At present there is significantly higher growth in the rate of incarceration of females than of males in the United States. According to U.S. Department of Justice statistics, in 1980 there were 13,269 women imprisoned throughout the U.S.; by 1995 that number reached 68,477; in 1997 that number exceeds 116,000. Studies suggest the common profile of the imprisoned female to be a young, single mother with few marketable skills: a high school dropout who lives below the poverty level. Seventy-five percent are between the ages of 25 and 34, and an estimated; ninety percent have an alcohol or drug-related history.
Eighty percent of women are convicted of non-violent drug or property crimes. The motivation of many of these crimes is often family-related due to the prevalent social and economic conditions of poverty. Many women are charged as accessories to crimes committed by male relatives or companions often without the knowledge of the women.
Many experts attribute the sharp rise in female incarceration rates to the advent of mandatory minimum sentences for drug law violations. Convictions on offenses for which defendants used to receive probation may now result in decades-long imprisonment or even life without the possibility of parole.
Although a greater number of white women than women of color are arrested, black women are eight times more likely than white women to be sent to prison. It is widely believed that black women are disproportionately represented in the following areas of legal abuse: “over-arrested, over-indicted, under-defended, and excessively sentenced.”

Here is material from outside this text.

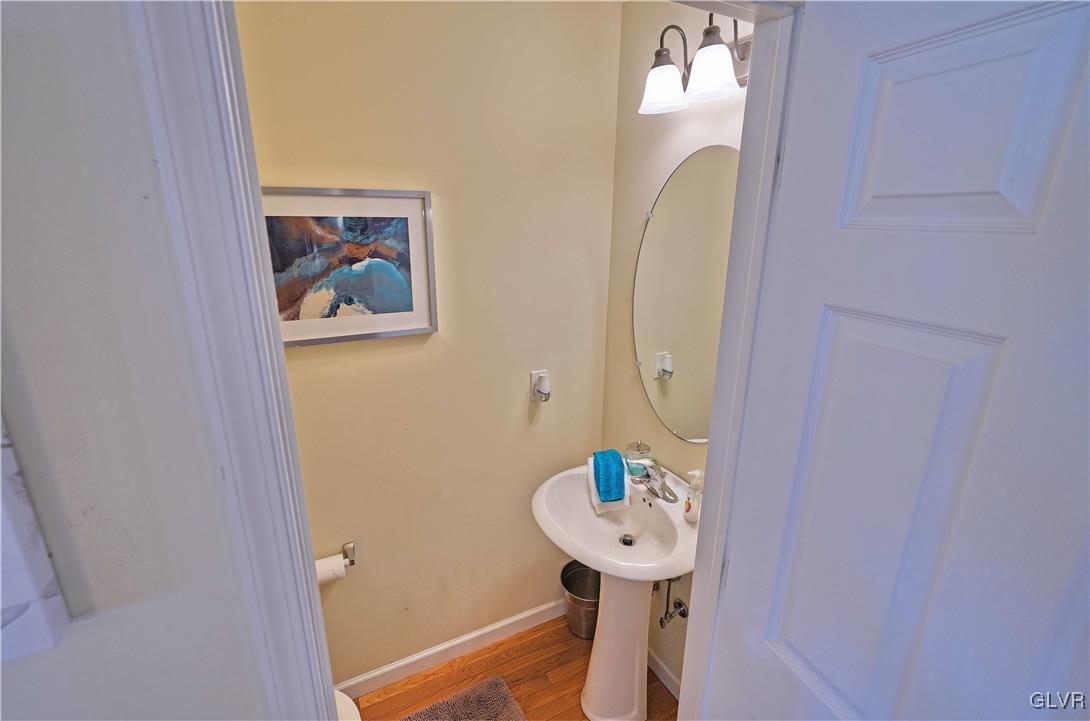 2240 Rising Hill Road Whitehall, PA 18052 - Photo 11 of 26 Gallery Image 11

Mothers constitute more than eighty percent of the women in prison.
When mothers do time, their children do time with them. Nationwide an estimated half-million children are separated from their imprisoned mothers. The decades-long sentences, which are now common, can either entirely wipe out the reproductive lives of young female prisoners or prevent them from playing any role in the lives of their children as they grow from infancy to adulthood. Children of incarcerated mothers are more prone to become ensnared in the vicious cycle of musical-chairs foster care, juvenile detention centers, and, ultimately, prison.
Conditions for women in prison are physically and psychologically brutal in ways particular to women’s prisons. Male guards are typically assigned to prisons for females, who have great difficulty in defending themselves physically and legally from sexual coercion and assault, which is common and which routinely results in pregnancy.